None of this is new. I am now reading Jon Meacham’s book, The Soul of America, in which he writes about similar periods from our past. The rhetoric of the Ku Klux Klan in the 1920s was pure MAGA. Huey Long sounded just like Bernie Sanders. But here’s the difference: the South lost the Civil War, the Klan and the John Birch society were suppressed, Huey Long and Joseph McCarthy never became President. But during the 2010s the bad guys won more than they lost.
These forces have broken our political system. Tribal partisanship has paralyzed Congress. The minority wins elections. And the election of Donald Trump, a man whose message, lack of experience, and appalling lack of character would have made his election laughable any time in the past, signals that something has gone terribly wrong in our body politic. Millions and millions of Americans know exactly who and what Trump is and support him anyway. That alone is terrifying.
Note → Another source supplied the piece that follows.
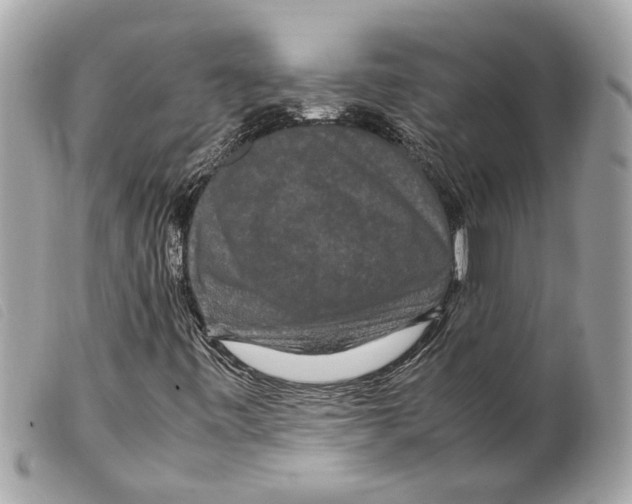 X0000099311443200805301144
Which brings us to the most significant and dangerous development of the 2010s: the collapse of Reaganism, and the rise of the TrumpGOP. Our two-party system only works if both parties are responsible and capable of governing. The Republican Party’s embrace of nationalist populism has made the party of Lincoln a threat to the Constitution.
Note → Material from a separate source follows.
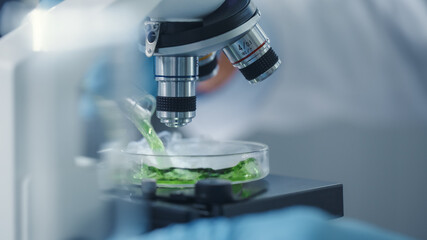 Macro Close Up Shot of a Scientist Mixing Green Chemical Liquid Under the Microscope on a Sample Petri Dish. Microbiologist Working in Modern Laboratory with Technological Equipment.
We are in the midst of a historic and perilous realignment of our party system. As I wrote recently:
The election of 2016 started, or perhaps accelerated, the movement towards a seventh party system. Reaganite elites lost touch with the Republican base, and lost control over their party. Republican base voters support Trump because they agree with him. They are instinctively protectionist and isolationist. And their nativist passion to restrict immigration is now the driving force of the new “conservative movement.”
The Republican Party of the sixth party system is gone. The GOP has lost college educated voters, especially women, and with them, the suburbs they used to win. The party now is made up primarily of white, evangelical protestants — which is a huge voting bloc — and non-college educated whites. And those in control of the GOP now are content to double down on this coalition, rather than try and take back moderate suburbanites.
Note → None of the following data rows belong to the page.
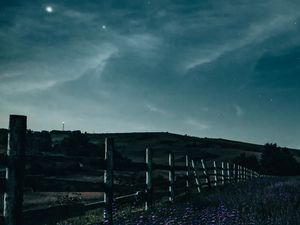 Preview wallpaper fence, flowers, starry sky, night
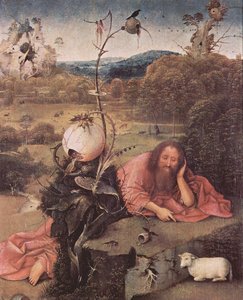St. John The Baptist In Meditation — Hieronymus Bosch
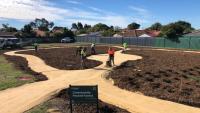 Bare block in Brentwood transformed into the suburb’s first pocket forest with community support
The Democratic Party was nearly also transformed in 2016, but Clinton/Obama elites held off the rise of Bernie Sanders and Democratic Socialism. But that battle continues. 2020 will likely settle things. Either the Ds will remain a center-left party dedicated to perfecting the New Deal structures, or it will become much more liberal, much closer to European social democratic movements. This is what the American left has long wanted.
We are now in the seventh party system. The question is, what will that system ultimately look like?
So, where do we go from here? Job 1 is the defeat of Donald Trump and his party. Healing and progress are not possible until Trump is out of office. Conservative independents, and current and former Republicans need to do what was once unthinkable and join forces with the Democrats. We need to go out and actively work for the defeat of Trump and Trumpism. The newly announced Lincoln Project is the first manifestation of this effort.
Of course, this will be much easier if the Democrats nominate a centrist, rather than a socialist. Much now depends on what happens in Iowa, New Hampshire, and the Super Tuesday states over the next two months.
Going forward America needs to return to traditional, centrist One Nation policies. (What do I mean? Read this earlier essay I wrote.) Ideally the Democratic Party will expand, taking in disaffected former Republicans, and become a broad center-left coalition that can actually govern. If, however, the Ds move too far left a new centrist party will become a necessity. America will not long tolerate being limited to choosing fascism or socialism.
The center must stand up and fight. Our victory is not guaranteed, but neither is defeat. The world we knew is gone. This decade we need to create a new one.